Moreover, in their online lives, children and young people can quickly get drawn into things they wouldn’t have done in the past.
Sexting, for example – you would never have got that a few years ago. In my day it would have been unthinkable, as you would have had to take the photo, then take the camera to chemist to get the film developed.
Knowing that someone could see it and challenge you was deterrent enough.
Today, in contrast, young people can take a photo and within 30 seconds, send it to someone without knowing or even considering where it will eventually end up.
Although some do, not all children with mental health issues will have been through a significant trauma or have experienced a challenging family background. They may ‘just’ have issues with low self-esteem; we are such an image orientated society, where everyone is pressured into thinking they must conform to a social ‘ideal’. Young people are constantly trapped by this idea of perfection.
Doing things differently
Through the MindSpace programme, we have a mental health worker coming in every week to our school, and it makes a real difference to have a regular person with whom young people can build relationships.
Our mental health worker is a known entity; she’s around and visible. It’s the difference between making a phone call to CAMHS, and having someone on site whom we and the kids know and can speak to straight away.
She has already engaged with over 45 young people and her work has undoubtedly had an impact on those individuals. Currently this is on a 1:1 basis but as we move forward and the programme matures we hope we can further develop the offer so we can impact more widely.
Parents have also found the support helpful and again, developing a broader offer for parents and families is something we’d like to achieve moving forward.
Darton College is highly inclusive; we have three times the national figures for statemented learners and low rates of exclusion. Frustratingly, though, the wider work we do with young people and their families is not recognised or acknowledged.
When people visits our school they comment on the ‘feel’ of it, and recognise that we are not just driven by exam results.
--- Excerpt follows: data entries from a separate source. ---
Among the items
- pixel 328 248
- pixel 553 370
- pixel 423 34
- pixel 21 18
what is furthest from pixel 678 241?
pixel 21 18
Like all school leaders and teachers, that does not mean that I don’t want our children to achieve their full potential – I absolutely do; but I want us to consider the whole child, always.
More is needed
We are living in times when there are huge pressures on families and communities, and the role of parents is critical. Learners who have stability and are well supported at home tend to do much better than whose who lack those things.
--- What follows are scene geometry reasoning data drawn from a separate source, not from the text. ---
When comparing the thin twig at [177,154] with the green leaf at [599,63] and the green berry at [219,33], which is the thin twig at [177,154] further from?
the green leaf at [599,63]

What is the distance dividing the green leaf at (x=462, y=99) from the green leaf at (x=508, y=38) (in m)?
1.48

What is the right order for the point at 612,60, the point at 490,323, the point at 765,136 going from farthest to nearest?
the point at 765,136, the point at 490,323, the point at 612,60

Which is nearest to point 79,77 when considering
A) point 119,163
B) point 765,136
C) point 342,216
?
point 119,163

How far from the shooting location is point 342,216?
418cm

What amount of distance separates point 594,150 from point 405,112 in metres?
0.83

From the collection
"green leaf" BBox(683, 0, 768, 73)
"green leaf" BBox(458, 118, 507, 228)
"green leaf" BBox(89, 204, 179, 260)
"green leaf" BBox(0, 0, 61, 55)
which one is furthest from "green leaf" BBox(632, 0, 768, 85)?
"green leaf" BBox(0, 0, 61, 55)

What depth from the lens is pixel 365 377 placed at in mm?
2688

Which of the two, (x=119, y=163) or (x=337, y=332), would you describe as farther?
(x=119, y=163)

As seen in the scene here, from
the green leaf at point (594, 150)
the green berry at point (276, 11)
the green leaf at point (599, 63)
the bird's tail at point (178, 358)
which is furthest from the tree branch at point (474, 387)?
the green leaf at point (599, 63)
Having led a school that had Children’s Centre I am acutely aware of the good work that was developed to support young people and their families, developing parenting skills and early intervention work.
However, as a result of funding cuts much of this support has now been lost.
There needs to be a long hard look at this. We need to get the foundations in families right, and we need to address the issue of school funding – because in order to provide appropriate levels of pastoral care, we are having to forgo additional capacity elsewhere, and we are far from alone in this.
Society is facing huge challenges at the moment; we can’t just drop all the problems this creates at the feet of schools.